Konsekuensinya, gugatan LPP Surak tidak dapat diterima dan penggugat dibebankan biaya perkara sebesar Rp373.000. Sementara perkara serupa dengan nomor 8/G/TF/2025/PTUN.PLG atas nama Edy Santana Putra melalui kuasa hukum Nikosa Yamin Bachtiar juga bernasib serupa.
Gugatan ini bermula dari tudingan pembagian paket sembako menjelang masa tenang Pilkada 2024 yang diduga dilakukan pasangan HDCU. LPP Surak menilai Bawaslu Sumsel lalai menindaklanjuti laporan masyarakat terkait peristiwa tersebut. Kuasa hukum LPP Surak, Thabrani, SH, menegaskan objek sengketa bukan lagi soal tahapan Pilkada, melainkan perbuatan faktual — tindakan diam (inactie) lembaga publik yang dianggap melanggar hukum (onrechtmatige overheidsdaad).
Menurut Thabrani, tindakan Bawaslu yang memilih diam membuka celah kerugian publik dan melemahkan pengawasan pemilu. “Ini bukan lagi soal sengketa hasil, tetapi pembiaran praktik politik uang yang merusak demokrasi,” ujarnya.
Menjelang pembacaan putusan, tepatnya 2 Juli 2025, puluhan warga yang sebagian besar ibu-ibu majelis taklim menggelar aksi damai di depan kantor PTUN Palembang. Meski dikaitkan dengan gugatan LPP Surak, Ketua LPP Surak Syapran Suprano menampik keterkaitan aksi tersebut dengan langkah hukum lembaganya. “Tidak ada hubungannya secara langsung dengan gugatan kami,” jelasnya.
Humas PTUN Palembang, Muhammad Rasyid Ridho, membenarkan bahwa para pihak masih memiliki waktu 14 hari untuk mengajukan banding. LPP Surak dipastikan mengambil langkah itu. “Kami sedang finalisasi memori banding. Putusan ini tidak tepat karena mengabaikan unsur perbuatan melawan hukum oleh badan publik,” tegas Syapran.
Sementara itu, nasib gugatan ESP masih menunggu keputusan tim kuasa hukum. Publik kini menunggu bagaimana Pengadilan Tinggi Tata Usaha Negara akan menilai ulang ruang lingkup kewenangan PTUN terhadap tindakan faktual lembaga pengawas pemilu.
Sengketa ini membuka wacana penting: apakah tindakan diam lembaga pengawas dapat ditarik ke ranah hukum tata usaha negara? Atau tetap berada dalam koridor penyelesaian sengketa pemilu melalui mekanisme Bawaslu dan DKPP? Jawaban dari tingkat banding akan menjadi preseden baru dalam penegakan etika pemilu.

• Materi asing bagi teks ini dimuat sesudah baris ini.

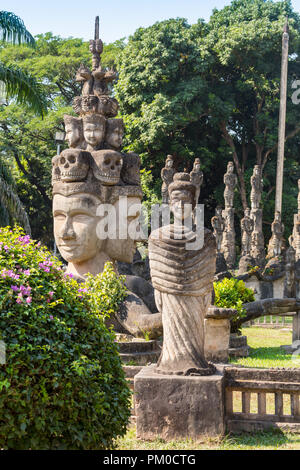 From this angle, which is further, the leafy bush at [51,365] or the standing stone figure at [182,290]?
the standing stone figure at [182,290]

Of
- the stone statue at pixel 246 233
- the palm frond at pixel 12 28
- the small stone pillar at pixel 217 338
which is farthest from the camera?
the stone statue at pixel 246 233

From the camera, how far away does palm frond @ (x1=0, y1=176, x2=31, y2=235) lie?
1411cm

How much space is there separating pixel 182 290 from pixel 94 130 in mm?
4380

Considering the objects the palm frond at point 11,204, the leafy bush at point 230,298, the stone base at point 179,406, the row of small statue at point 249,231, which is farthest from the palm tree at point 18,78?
the row of small statue at point 249,231

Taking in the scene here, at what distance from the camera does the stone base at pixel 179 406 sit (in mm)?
4473

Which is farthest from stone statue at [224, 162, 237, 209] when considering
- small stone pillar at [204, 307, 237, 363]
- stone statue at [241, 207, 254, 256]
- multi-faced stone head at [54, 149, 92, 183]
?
multi-faced stone head at [54, 149, 92, 183]

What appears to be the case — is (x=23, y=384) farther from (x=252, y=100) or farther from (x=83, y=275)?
(x=252, y=100)

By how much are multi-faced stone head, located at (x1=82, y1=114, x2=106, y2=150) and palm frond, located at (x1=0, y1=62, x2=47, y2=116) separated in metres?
3.81

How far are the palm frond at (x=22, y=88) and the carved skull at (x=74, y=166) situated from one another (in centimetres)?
451

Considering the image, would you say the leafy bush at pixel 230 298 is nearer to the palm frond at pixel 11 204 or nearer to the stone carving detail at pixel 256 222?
the palm frond at pixel 11 204

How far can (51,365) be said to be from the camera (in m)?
3.27

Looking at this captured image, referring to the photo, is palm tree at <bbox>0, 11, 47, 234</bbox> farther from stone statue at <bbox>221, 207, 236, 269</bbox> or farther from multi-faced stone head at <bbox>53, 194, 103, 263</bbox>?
stone statue at <bbox>221, 207, 236, 269</bbox>

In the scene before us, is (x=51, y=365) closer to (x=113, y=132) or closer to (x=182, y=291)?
(x=182, y=291) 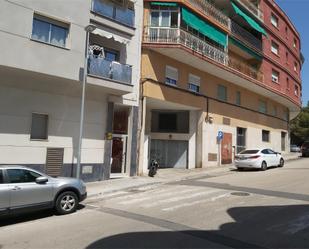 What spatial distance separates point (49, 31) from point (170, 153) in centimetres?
Result: 1247

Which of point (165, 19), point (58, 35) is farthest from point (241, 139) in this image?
point (58, 35)

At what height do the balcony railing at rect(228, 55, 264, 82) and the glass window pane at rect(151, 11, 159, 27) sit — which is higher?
the glass window pane at rect(151, 11, 159, 27)

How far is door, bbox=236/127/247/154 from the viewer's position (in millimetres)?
28491

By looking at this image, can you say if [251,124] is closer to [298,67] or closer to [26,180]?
[298,67]

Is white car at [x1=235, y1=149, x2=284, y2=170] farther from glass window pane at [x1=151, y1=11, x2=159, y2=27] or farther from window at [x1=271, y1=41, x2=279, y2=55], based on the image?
window at [x1=271, y1=41, x2=279, y2=55]

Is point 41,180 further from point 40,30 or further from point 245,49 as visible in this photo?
point 245,49

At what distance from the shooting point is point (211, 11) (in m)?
24.2

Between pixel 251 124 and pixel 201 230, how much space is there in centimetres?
2336

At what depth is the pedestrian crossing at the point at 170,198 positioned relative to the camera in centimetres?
1125

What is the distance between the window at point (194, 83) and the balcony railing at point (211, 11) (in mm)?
4192

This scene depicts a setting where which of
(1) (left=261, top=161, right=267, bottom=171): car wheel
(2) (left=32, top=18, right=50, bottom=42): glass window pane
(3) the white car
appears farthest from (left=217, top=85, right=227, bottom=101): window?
(2) (left=32, top=18, right=50, bottom=42): glass window pane

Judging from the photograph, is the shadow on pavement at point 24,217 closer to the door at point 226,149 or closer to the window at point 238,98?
the door at point 226,149

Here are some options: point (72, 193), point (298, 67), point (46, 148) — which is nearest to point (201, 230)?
point (72, 193)

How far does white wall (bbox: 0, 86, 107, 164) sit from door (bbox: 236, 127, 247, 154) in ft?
46.4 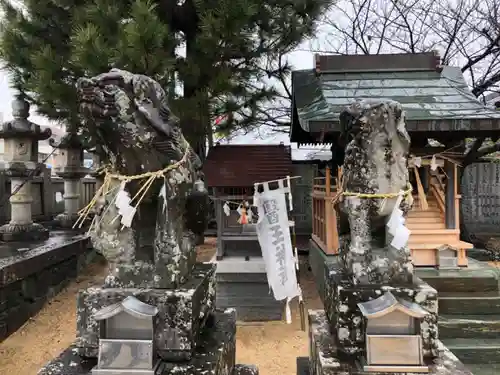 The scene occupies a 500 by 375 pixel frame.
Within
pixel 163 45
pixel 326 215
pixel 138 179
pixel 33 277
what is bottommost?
pixel 33 277

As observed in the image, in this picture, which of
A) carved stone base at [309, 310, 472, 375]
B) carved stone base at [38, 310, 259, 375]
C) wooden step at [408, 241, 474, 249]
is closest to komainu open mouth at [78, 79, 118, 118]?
carved stone base at [38, 310, 259, 375]

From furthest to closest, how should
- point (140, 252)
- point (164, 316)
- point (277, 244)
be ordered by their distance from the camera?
point (277, 244) < point (140, 252) < point (164, 316)

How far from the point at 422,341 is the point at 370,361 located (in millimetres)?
334

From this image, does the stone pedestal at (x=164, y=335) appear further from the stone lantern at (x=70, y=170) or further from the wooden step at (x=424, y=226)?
the stone lantern at (x=70, y=170)

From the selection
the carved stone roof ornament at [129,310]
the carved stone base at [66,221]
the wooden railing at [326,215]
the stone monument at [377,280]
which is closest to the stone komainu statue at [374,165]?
the stone monument at [377,280]

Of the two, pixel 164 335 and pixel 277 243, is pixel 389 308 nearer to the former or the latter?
pixel 164 335

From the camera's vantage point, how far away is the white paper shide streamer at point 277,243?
505 centimetres

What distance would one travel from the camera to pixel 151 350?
1.88 metres

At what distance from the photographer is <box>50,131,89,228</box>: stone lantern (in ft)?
26.7

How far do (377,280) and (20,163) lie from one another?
6423 mm

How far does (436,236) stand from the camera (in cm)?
580

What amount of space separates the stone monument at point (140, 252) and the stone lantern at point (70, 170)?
6.41 meters

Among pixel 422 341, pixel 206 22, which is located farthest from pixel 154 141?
pixel 206 22

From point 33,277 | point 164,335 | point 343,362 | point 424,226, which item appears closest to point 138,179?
point 164,335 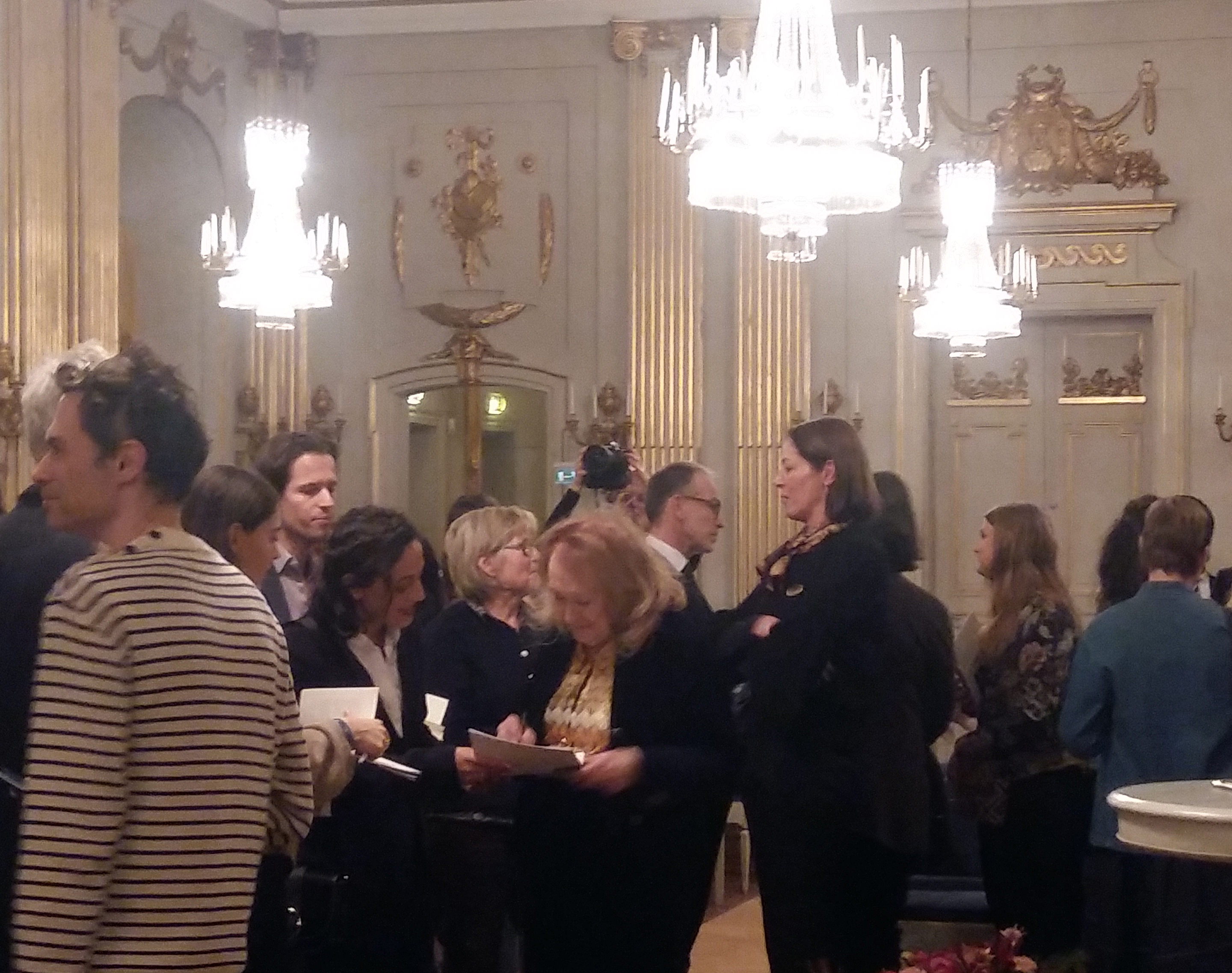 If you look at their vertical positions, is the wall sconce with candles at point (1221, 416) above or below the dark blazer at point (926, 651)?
above

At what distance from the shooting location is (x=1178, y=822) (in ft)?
12.0

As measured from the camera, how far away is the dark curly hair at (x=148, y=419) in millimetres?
2580

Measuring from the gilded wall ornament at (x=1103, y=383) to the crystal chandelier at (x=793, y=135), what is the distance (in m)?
5.45

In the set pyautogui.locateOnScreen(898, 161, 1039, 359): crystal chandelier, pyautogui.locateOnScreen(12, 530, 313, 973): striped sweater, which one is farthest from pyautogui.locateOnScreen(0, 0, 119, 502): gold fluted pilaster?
pyautogui.locateOnScreen(12, 530, 313, 973): striped sweater

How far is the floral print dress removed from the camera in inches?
204

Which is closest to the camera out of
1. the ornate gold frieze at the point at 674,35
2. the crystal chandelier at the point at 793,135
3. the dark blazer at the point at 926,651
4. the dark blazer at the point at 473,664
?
the dark blazer at the point at 473,664

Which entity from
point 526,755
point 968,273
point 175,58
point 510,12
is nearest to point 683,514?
point 526,755

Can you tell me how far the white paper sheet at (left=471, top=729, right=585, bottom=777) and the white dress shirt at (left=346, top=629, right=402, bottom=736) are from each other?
1.40ft

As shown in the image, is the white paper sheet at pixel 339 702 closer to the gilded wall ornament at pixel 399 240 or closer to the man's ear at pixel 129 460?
the man's ear at pixel 129 460

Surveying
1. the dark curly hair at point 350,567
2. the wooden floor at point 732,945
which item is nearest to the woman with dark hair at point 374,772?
the dark curly hair at point 350,567

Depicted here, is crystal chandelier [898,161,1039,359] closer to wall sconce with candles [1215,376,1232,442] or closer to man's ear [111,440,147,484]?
wall sconce with candles [1215,376,1232,442]

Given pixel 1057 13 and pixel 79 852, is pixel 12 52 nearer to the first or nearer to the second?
pixel 1057 13

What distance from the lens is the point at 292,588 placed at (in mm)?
5109

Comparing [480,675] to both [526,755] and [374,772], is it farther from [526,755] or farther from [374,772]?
[526,755] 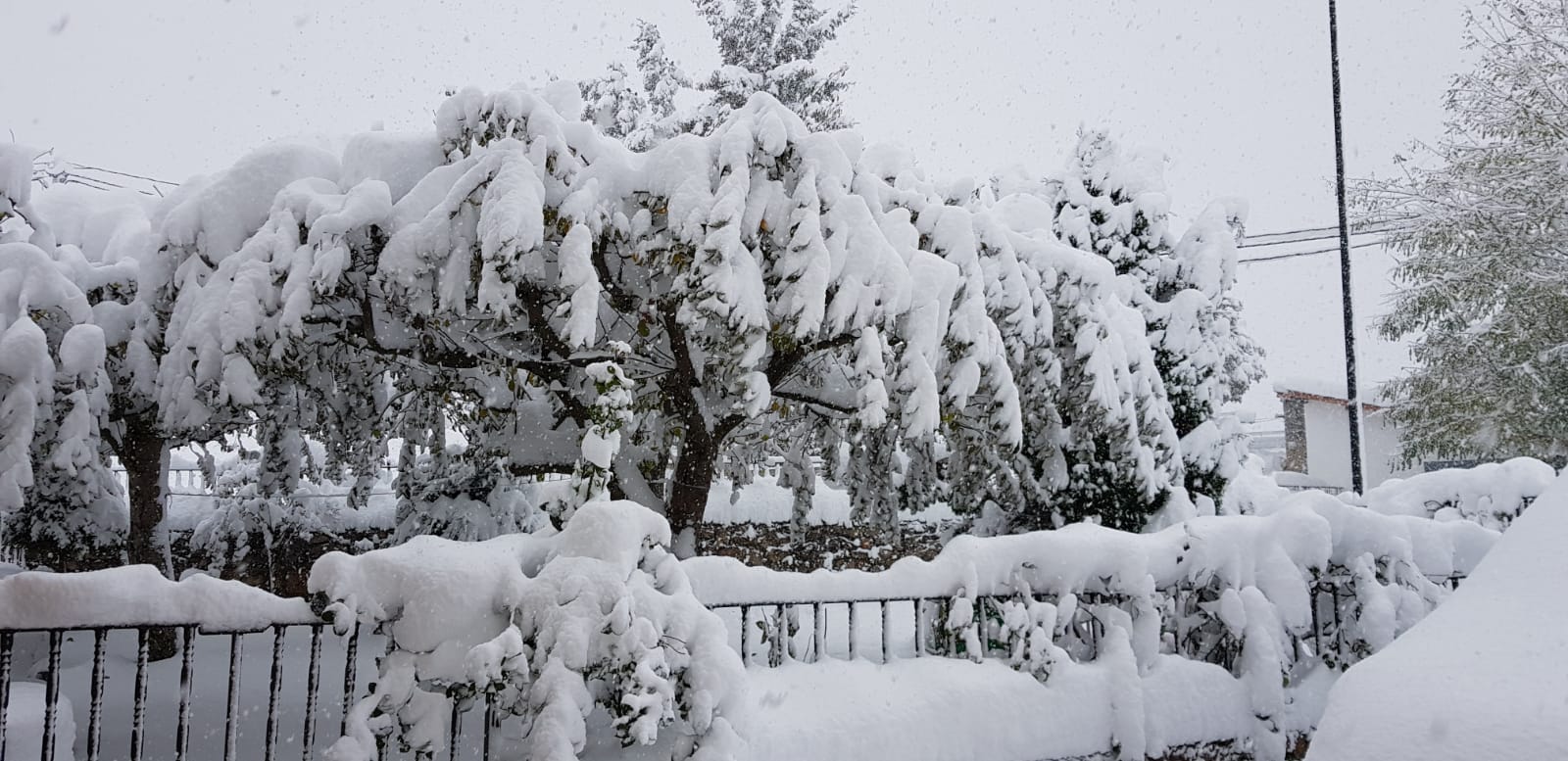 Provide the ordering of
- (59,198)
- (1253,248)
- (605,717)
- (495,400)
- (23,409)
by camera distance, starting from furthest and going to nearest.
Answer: (1253,248), (59,198), (495,400), (23,409), (605,717)

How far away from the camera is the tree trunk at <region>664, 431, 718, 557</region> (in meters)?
7.59

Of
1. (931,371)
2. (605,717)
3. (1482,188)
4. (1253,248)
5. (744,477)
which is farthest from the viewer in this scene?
(1253,248)

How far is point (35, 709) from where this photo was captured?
4.00 m

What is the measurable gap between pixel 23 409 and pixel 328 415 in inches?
129

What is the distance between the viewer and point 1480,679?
3.23 m

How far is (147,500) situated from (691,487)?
4865mm

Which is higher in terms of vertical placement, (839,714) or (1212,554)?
(1212,554)

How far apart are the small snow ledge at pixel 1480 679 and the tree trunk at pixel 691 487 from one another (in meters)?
4.80

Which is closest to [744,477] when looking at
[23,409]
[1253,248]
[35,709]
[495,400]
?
[495,400]

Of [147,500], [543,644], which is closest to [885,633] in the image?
[543,644]

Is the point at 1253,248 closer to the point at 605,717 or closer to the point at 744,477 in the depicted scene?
the point at 744,477

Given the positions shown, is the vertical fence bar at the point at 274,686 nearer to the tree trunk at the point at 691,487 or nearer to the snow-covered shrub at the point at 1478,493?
the tree trunk at the point at 691,487

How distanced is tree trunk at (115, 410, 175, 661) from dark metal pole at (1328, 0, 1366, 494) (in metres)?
15.6

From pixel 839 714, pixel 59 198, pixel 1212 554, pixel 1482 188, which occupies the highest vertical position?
pixel 1482 188
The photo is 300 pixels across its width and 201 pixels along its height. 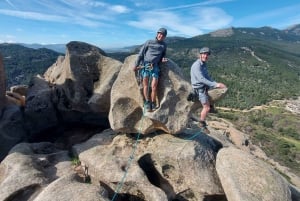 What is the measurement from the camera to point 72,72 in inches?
891

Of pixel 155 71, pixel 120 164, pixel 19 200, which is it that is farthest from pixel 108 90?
pixel 19 200

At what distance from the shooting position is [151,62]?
16828 millimetres

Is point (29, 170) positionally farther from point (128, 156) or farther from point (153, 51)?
point (153, 51)

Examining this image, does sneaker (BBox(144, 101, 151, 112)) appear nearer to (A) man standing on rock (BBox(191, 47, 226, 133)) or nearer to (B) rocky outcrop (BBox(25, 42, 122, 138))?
(A) man standing on rock (BBox(191, 47, 226, 133))

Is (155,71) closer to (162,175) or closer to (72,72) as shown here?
(162,175)

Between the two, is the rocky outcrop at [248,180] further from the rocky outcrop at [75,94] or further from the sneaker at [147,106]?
the rocky outcrop at [75,94]

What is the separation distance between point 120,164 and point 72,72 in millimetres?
9207

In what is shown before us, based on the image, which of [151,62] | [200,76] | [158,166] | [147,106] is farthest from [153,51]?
[158,166]

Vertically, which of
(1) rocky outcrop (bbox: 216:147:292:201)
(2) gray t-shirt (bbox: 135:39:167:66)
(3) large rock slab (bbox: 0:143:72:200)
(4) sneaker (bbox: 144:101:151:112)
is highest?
(2) gray t-shirt (bbox: 135:39:167:66)

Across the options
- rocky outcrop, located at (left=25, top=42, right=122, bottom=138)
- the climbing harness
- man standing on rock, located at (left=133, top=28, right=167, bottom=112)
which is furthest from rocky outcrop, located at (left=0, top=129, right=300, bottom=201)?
rocky outcrop, located at (left=25, top=42, right=122, bottom=138)

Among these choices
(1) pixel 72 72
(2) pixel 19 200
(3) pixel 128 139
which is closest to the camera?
(2) pixel 19 200

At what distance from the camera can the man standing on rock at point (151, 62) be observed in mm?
16805

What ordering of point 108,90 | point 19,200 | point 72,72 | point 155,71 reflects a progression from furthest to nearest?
point 72,72
point 108,90
point 155,71
point 19,200

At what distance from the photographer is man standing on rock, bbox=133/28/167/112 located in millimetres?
16805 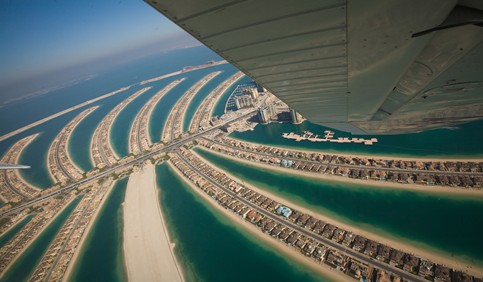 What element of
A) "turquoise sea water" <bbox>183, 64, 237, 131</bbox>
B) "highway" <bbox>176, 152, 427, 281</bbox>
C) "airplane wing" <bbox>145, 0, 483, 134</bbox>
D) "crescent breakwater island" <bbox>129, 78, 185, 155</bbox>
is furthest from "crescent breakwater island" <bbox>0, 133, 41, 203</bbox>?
"airplane wing" <bbox>145, 0, 483, 134</bbox>

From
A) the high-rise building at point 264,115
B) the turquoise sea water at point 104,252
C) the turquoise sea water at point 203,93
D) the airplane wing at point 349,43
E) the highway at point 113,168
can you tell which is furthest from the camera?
the turquoise sea water at point 203,93

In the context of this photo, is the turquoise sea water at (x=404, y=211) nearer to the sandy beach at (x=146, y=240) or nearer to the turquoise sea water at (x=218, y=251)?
the turquoise sea water at (x=218, y=251)

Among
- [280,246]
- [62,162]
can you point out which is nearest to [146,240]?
[280,246]

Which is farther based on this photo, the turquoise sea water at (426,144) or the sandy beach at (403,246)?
the turquoise sea water at (426,144)

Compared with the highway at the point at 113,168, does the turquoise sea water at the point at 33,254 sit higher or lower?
lower

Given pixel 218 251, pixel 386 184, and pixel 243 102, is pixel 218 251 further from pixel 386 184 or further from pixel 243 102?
pixel 243 102

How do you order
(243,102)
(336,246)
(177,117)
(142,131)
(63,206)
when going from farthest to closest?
(177,117), (142,131), (243,102), (63,206), (336,246)

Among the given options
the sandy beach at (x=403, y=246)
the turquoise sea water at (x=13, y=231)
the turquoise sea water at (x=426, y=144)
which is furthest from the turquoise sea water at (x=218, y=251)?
the turquoise sea water at (x=13, y=231) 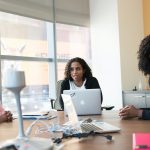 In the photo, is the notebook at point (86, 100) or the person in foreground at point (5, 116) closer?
the person in foreground at point (5, 116)

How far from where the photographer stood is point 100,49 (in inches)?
189

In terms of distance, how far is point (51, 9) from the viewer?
4.42 m

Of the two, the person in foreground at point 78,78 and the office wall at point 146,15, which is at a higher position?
the office wall at point 146,15

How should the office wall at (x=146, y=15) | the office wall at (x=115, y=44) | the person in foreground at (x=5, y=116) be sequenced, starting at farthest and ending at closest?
the office wall at (x=146, y=15) < the office wall at (x=115, y=44) < the person in foreground at (x=5, y=116)

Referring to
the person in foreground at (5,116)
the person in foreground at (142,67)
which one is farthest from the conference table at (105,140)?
the person in foreground at (5,116)

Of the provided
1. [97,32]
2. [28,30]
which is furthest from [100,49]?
[28,30]

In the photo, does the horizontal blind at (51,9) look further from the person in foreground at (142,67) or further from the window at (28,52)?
the person in foreground at (142,67)

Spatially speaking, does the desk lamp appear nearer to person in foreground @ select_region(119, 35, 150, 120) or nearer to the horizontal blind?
person in foreground @ select_region(119, 35, 150, 120)

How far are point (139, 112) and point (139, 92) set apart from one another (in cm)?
243

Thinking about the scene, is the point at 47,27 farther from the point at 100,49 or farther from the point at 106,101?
the point at 106,101

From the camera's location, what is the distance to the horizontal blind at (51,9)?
3.79 m

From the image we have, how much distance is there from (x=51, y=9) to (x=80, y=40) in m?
0.88

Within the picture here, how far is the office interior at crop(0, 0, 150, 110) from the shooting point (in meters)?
4.16

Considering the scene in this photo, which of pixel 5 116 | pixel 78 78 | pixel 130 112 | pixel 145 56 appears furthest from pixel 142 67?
pixel 78 78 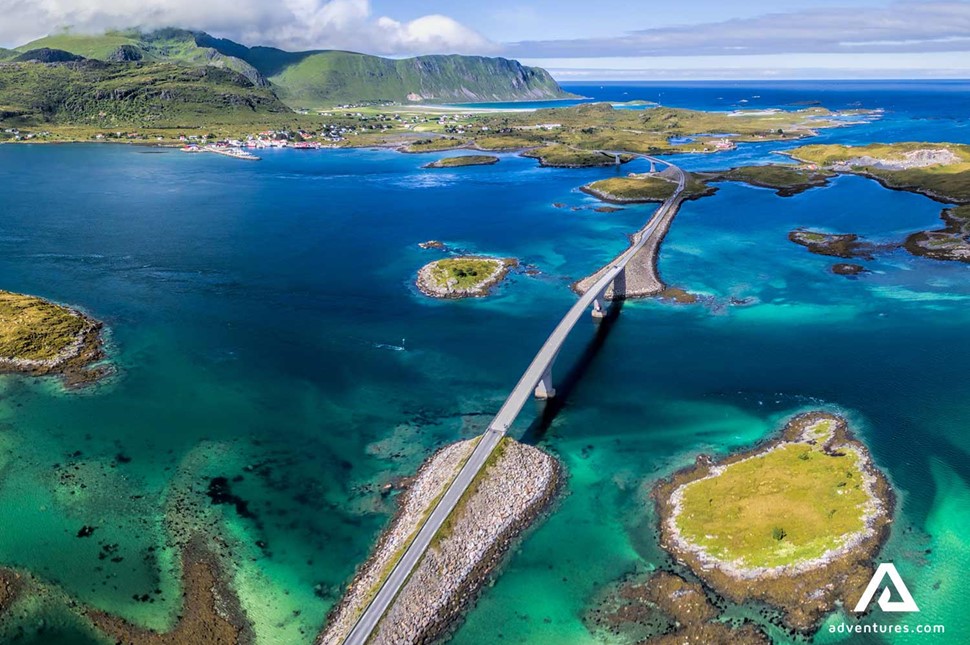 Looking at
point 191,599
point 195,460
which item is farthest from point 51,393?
point 191,599

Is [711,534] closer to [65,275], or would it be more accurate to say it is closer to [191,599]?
[191,599]

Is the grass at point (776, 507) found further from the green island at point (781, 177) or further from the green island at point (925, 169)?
the green island at point (781, 177)

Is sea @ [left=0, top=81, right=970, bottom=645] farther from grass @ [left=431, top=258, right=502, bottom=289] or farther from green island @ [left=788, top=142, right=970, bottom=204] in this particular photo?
green island @ [left=788, top=142, right=970, bottom=204]

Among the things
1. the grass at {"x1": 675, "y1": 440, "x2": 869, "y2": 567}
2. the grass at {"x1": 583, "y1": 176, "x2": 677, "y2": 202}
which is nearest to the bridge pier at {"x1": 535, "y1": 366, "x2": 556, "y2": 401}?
the grass at {"x1": 675, "y1": 440, "x2": 869, "y2": 567}

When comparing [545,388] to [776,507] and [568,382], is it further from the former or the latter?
[776,507]

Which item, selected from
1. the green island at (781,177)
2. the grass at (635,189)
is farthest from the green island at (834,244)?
the green island at (781,177) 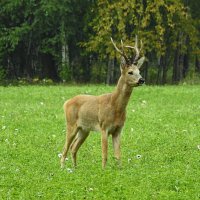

Di satu sisi, jika banding diterima, Bawaslu Sumsel berpotensi diminta bertanggung jawab atas sikap pasifnya. Di sisi lain, ini menjadi sinyal bagi Bawaslu di daerah lain untuk lebih aktif menindak pelanggaran politik uang bahkan di luar tahapan resmi pemilu.
Sampai berita ini diterbitkan, LPP Surak memastikan perlawanan hukumnya belum usai. Gugatan boleh kandas di tingkat pertama, tetapi arena banding menanti. Semua pihak kini menanti: akankah sikap diam lembaga pengawas tetap kebal hukum, atau justru jadi pintu masuk penguatan akuntabilitas pemilu ke depan?.**(PJS)**.